__Exercise__
All that is wanted is a word-for-word copy of the data from its first line to the line containing "Top - Picture 2 of 4", both included.

(Stored records)

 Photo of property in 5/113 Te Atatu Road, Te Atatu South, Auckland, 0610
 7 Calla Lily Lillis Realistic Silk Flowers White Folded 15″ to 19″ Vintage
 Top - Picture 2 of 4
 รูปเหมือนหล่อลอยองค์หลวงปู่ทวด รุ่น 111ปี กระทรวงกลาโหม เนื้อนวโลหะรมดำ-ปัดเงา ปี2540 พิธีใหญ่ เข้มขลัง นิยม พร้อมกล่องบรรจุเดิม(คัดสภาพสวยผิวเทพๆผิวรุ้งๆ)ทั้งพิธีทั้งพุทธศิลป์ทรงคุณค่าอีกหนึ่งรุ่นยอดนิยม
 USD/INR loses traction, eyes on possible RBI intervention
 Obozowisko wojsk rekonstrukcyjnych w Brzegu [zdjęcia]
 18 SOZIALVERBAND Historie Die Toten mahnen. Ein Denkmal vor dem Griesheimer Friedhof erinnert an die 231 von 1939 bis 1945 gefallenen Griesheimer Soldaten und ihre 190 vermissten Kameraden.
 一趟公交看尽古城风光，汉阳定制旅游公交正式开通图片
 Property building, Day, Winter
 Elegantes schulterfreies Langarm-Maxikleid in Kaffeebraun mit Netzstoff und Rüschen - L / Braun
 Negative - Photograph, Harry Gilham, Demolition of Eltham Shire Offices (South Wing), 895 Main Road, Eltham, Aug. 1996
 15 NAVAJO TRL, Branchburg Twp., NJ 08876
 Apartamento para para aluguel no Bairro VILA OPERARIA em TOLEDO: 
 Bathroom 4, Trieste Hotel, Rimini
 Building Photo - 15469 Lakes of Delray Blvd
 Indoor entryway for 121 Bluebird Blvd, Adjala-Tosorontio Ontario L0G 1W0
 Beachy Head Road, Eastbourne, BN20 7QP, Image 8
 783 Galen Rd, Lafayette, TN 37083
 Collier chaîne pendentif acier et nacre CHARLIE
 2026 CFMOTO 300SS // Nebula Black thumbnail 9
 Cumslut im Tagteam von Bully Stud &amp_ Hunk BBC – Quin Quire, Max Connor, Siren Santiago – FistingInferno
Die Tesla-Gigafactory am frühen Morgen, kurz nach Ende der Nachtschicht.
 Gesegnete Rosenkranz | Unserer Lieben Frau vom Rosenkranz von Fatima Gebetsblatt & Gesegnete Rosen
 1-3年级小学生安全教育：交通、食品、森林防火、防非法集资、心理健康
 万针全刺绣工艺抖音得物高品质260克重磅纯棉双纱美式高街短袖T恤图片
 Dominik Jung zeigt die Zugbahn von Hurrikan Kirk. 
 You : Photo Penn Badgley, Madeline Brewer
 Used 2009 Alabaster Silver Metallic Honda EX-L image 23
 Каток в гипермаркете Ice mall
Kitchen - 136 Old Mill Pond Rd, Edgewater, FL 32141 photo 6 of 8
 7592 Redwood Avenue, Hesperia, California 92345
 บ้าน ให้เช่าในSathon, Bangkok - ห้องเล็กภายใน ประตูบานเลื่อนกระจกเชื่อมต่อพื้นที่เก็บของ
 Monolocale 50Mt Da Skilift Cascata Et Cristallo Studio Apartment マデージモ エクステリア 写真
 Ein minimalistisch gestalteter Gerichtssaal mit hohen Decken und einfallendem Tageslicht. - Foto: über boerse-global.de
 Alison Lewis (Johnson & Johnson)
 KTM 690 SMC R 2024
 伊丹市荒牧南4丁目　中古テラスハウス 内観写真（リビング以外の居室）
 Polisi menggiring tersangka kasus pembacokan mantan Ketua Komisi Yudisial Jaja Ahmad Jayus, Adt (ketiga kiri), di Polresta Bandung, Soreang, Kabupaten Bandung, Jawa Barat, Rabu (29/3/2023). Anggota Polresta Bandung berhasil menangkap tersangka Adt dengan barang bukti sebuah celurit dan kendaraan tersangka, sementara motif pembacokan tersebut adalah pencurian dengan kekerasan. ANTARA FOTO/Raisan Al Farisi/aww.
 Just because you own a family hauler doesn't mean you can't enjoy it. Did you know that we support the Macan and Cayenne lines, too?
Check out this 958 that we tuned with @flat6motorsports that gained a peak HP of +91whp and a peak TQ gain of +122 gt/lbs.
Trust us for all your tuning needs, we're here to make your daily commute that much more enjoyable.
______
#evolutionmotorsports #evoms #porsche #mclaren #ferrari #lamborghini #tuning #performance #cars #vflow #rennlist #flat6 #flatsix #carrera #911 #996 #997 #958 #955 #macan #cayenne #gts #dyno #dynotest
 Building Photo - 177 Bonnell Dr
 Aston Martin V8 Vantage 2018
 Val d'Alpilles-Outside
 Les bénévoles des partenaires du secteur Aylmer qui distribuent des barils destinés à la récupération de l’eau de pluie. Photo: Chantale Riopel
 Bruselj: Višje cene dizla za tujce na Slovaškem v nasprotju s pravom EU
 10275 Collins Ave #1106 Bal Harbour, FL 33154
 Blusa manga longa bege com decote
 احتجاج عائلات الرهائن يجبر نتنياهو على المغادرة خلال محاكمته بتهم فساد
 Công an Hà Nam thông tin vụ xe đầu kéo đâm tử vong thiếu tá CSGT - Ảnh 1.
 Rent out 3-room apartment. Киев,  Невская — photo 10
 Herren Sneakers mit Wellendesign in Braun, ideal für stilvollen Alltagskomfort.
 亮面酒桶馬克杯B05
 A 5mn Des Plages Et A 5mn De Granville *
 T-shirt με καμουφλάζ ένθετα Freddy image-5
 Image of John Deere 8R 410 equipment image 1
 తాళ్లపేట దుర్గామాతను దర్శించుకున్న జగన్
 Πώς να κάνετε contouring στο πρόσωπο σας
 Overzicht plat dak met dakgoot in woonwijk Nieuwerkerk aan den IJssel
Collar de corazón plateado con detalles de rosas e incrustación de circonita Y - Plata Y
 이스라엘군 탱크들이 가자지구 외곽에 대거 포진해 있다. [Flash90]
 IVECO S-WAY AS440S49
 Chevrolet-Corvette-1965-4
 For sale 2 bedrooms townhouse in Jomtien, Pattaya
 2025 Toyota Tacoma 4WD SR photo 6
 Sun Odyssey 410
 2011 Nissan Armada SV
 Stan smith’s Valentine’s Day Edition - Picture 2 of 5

__Exercise response__
 Photo of property in 5/113 Te Atatu Road, Te Atatu South, Auckland, 0610
 7 Calla Lily Lillis Realistic Silk Flowers White Folded 15″ to 19″ Vintage
 Top - Picture 2 of 4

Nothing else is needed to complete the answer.